** DATASET EXTRACT **
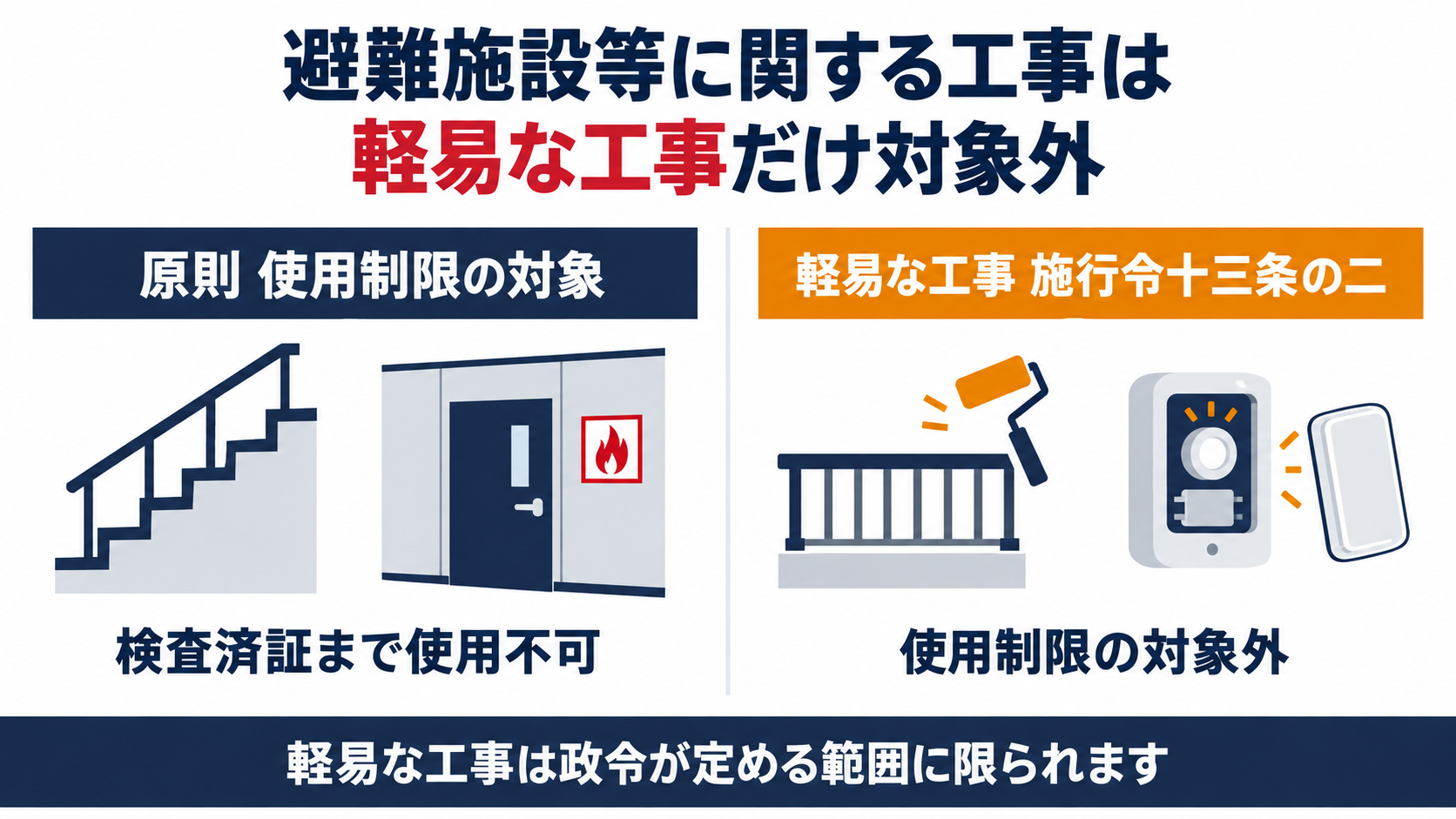避難施設等に関する工事は原則使用制限の対象だが軽易な工事は対象外になることを示した比較図解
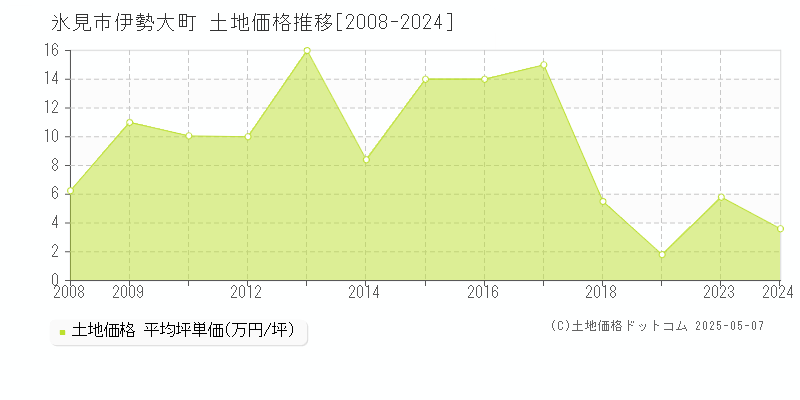 氷見市伊勢大町の土地価格推移グラフ 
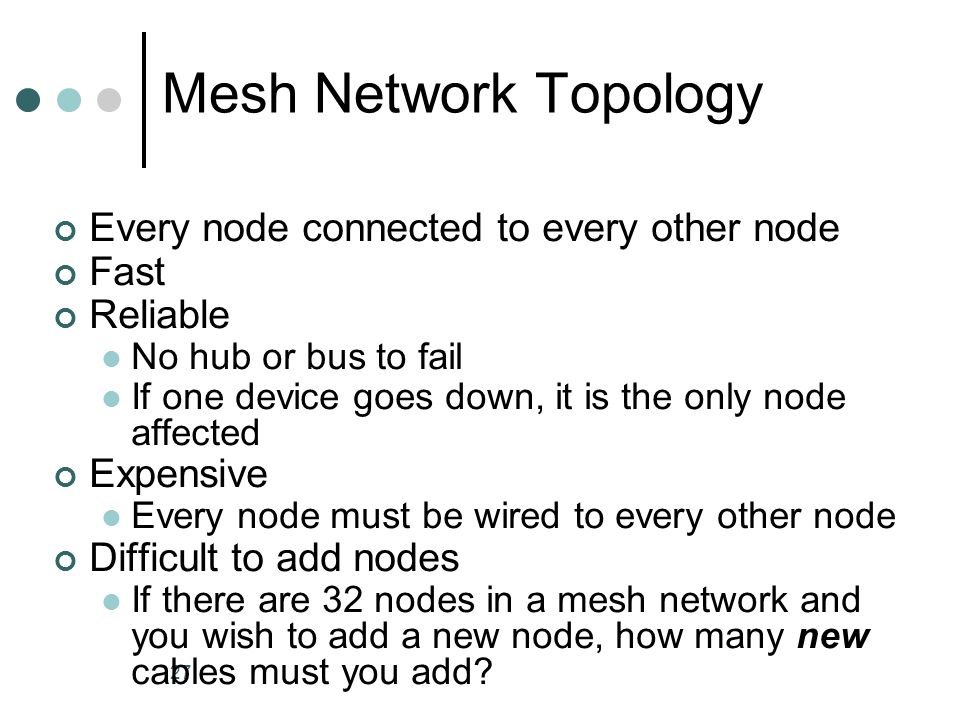 Mesh Network Topology Every node connected to every other node Fast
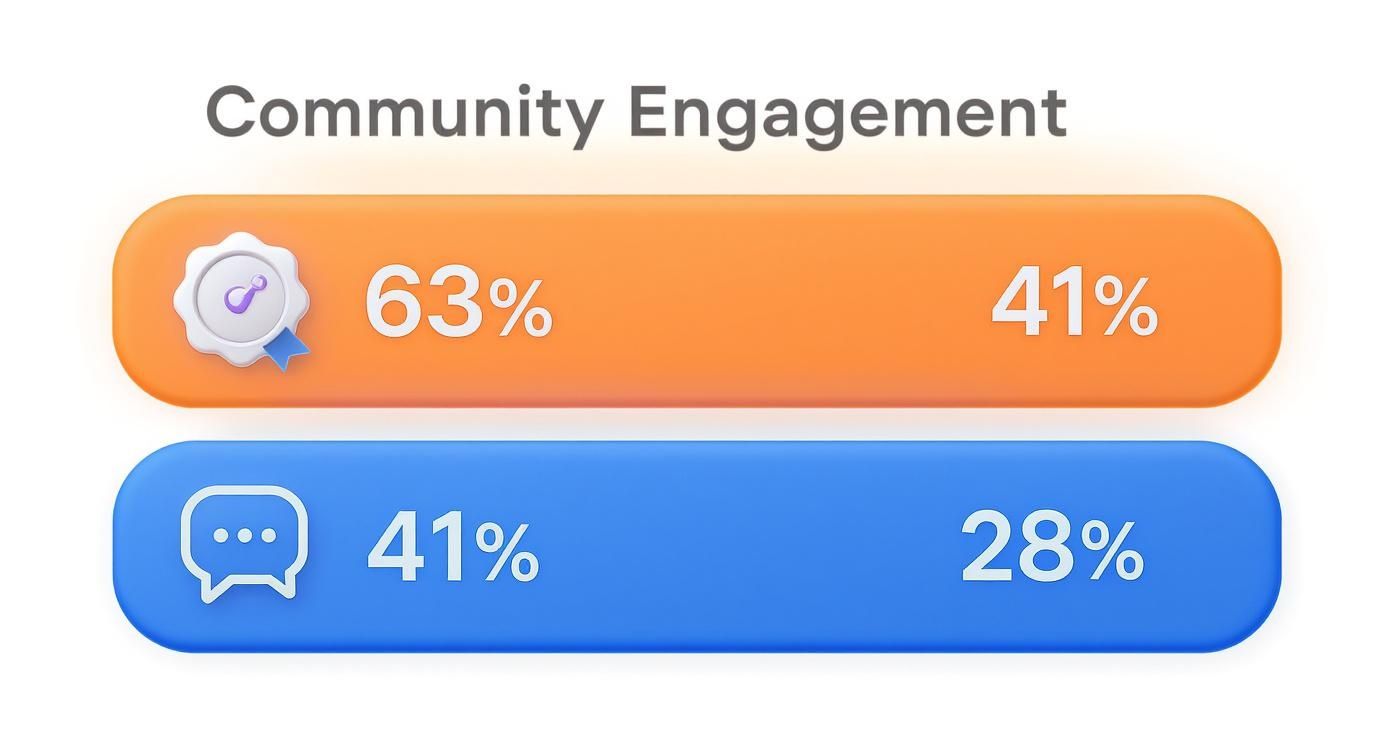 Infographic displaying statistics on community engagement, showing 63% increase in participation with badges, 41% increase with chat bubbles, and 28% increase with targeted content.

** WHAT IS REQUIRED **
Repeat the material above verbatim. Leave the pictures behind.

** TASK RESULT **
避難施設等に関する工事は原則使用制限の対象だが軽易な工事は対象外になることを示した比較図解
 氷見市伊勢大町の土地価格推移グラフ 
 Mesh Network Topology Every node connected to every other node Fast
 Infographic displaying statistics on community engagement, showing 63% increase in participation with badges, 41% increase with chat bubbles, and 28% increase with targeted content.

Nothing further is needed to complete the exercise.